Exercise aim. From the line containing "peugeot-208-2018-gasolina-1199cc" down to the last line of the listing, quote everything word for word, and nothing else, keeping pictures out.

Collected material.
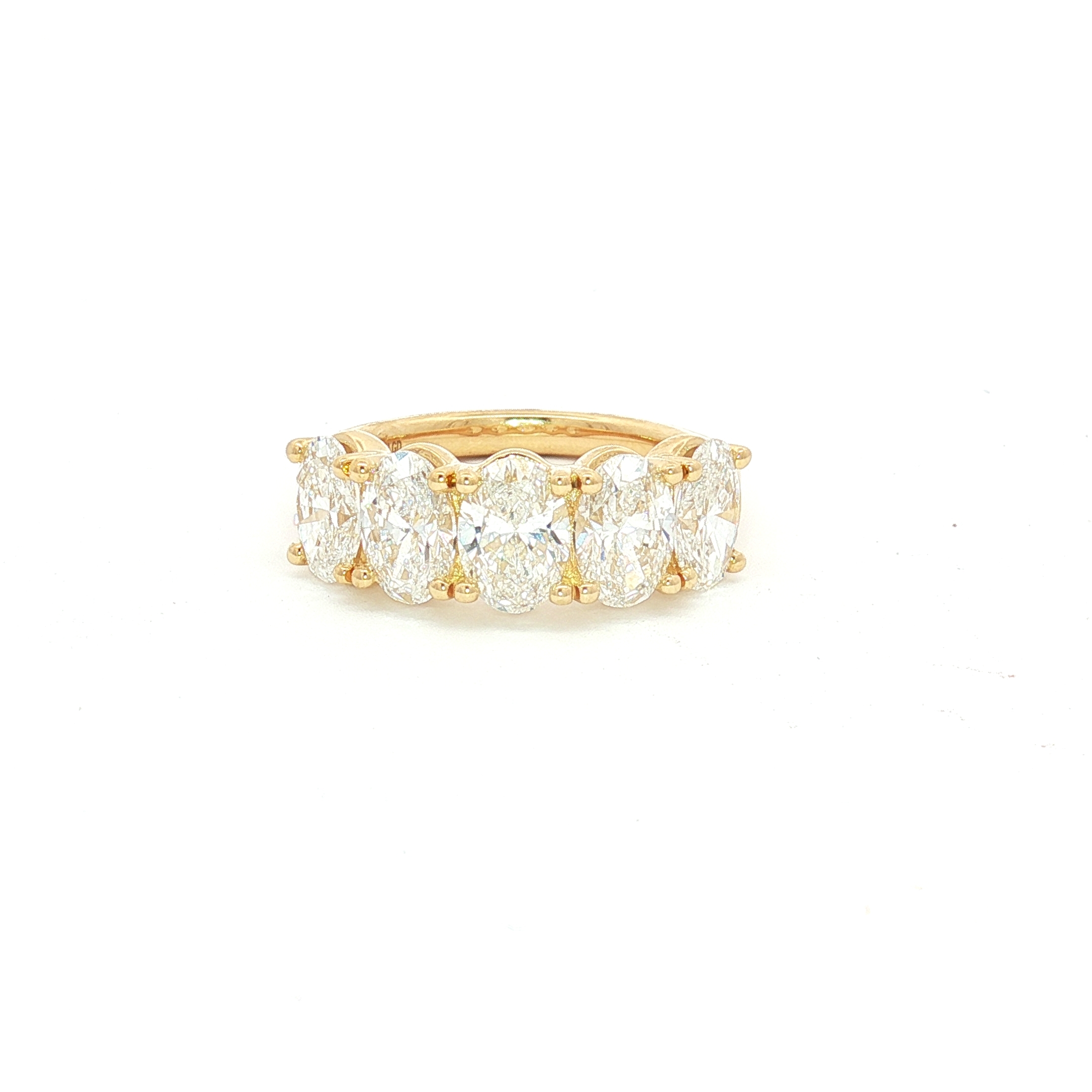14K YELLOW GOLD WEDDING BAND WITH 3.50 CT LAB-GROWN DIAMOND OVAL CUT, SIZE 7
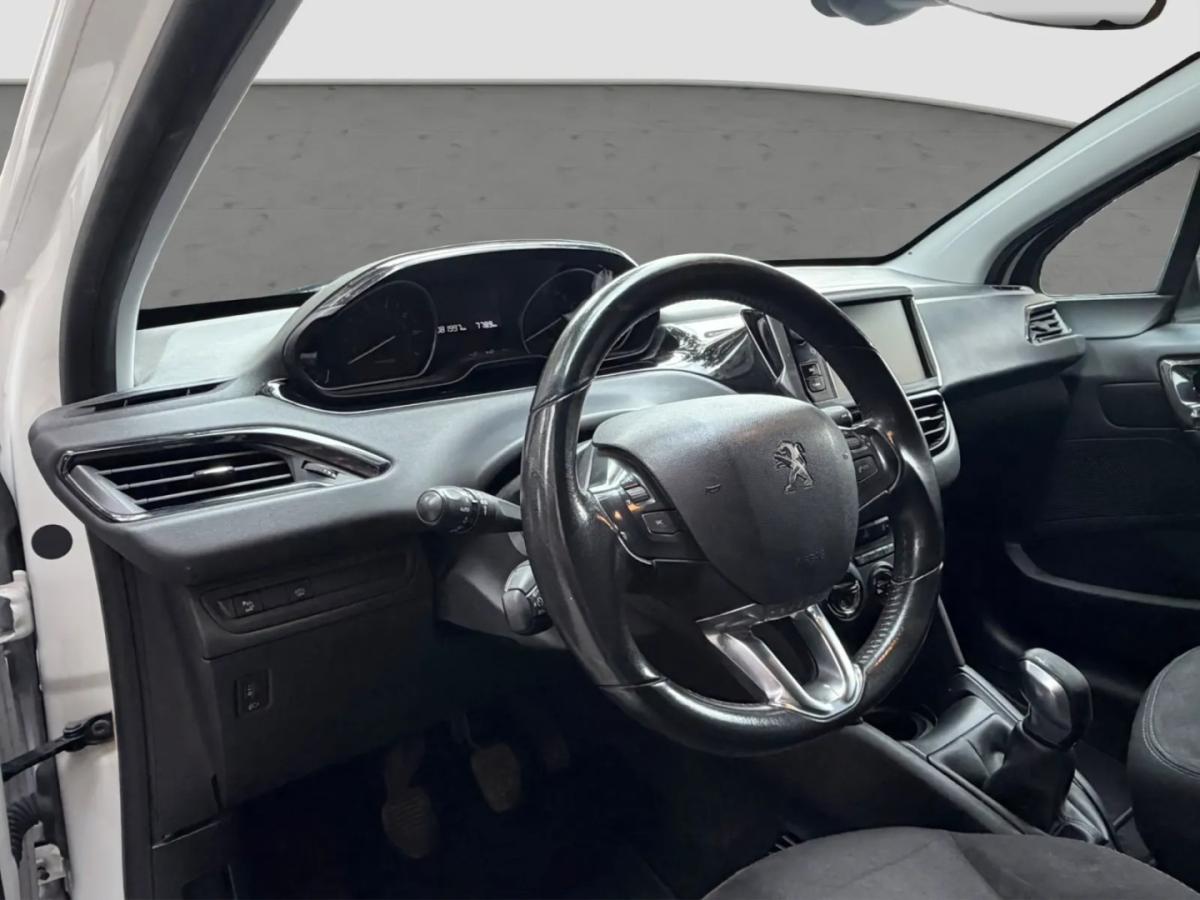 peugeot-208-2018-gasolina-1199cc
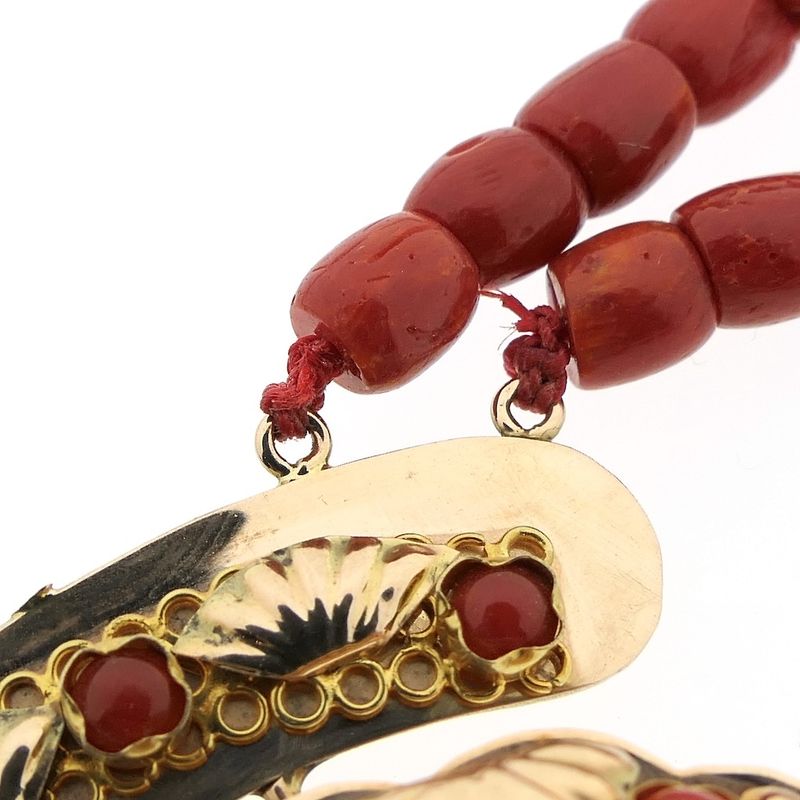 Image 6 of Luxury red coral necklace with gold clasp; Antique | 54 cm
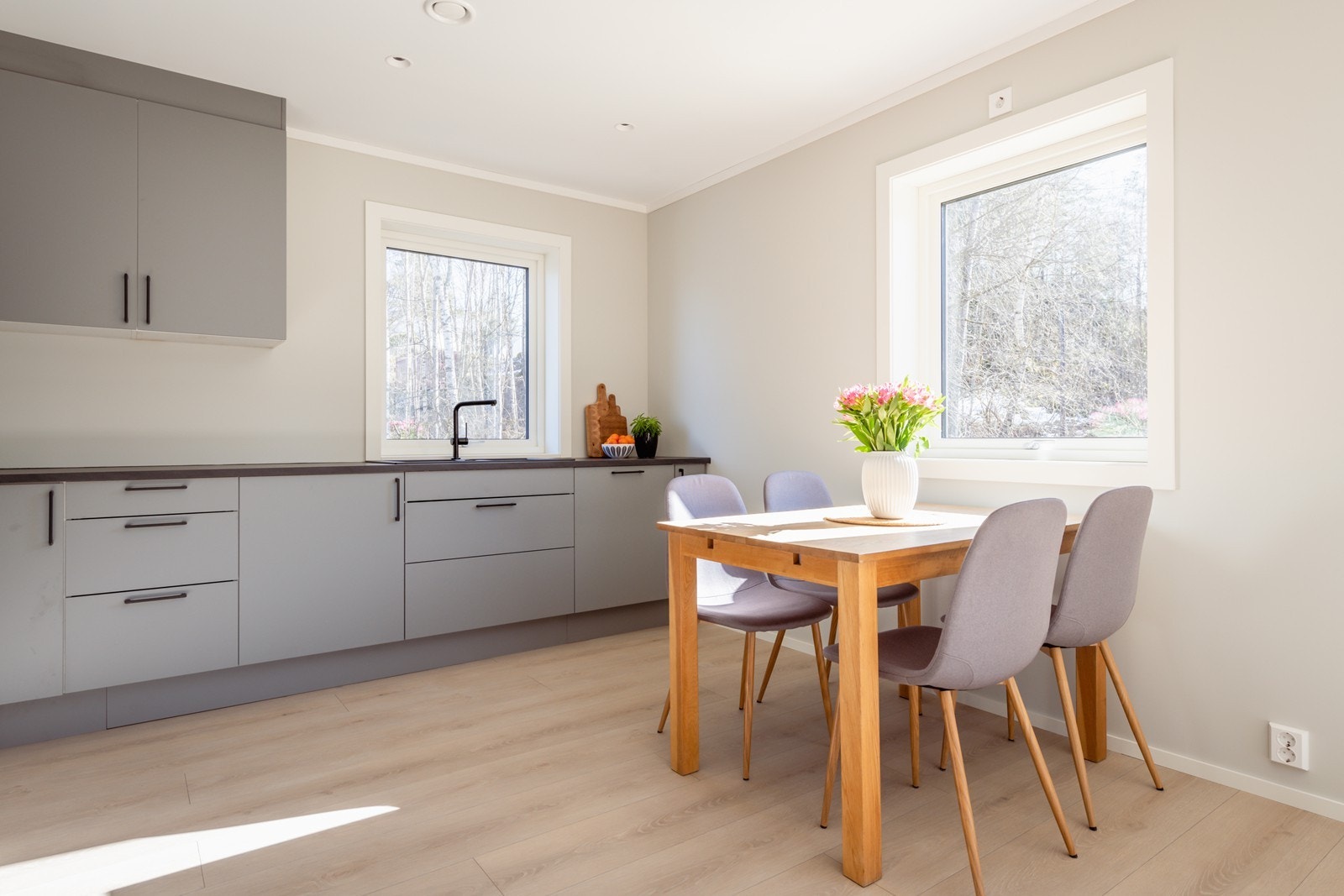 Spis frokosten mens du ser et ekorn hoppe forbi vinduet ditt. Livet på landet skal være godt sies det Galleribilde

Written solution.
 peugeot-208-2018-gasolina-1199cc
 Image 6 of Luxury red coral necklace with gold clasp; Antique | 54 cm
 Spis frokosten mens du ser et ekorn hoppe forbi vinduet ditt. Livet på landet skal være godt sies det Galleribilde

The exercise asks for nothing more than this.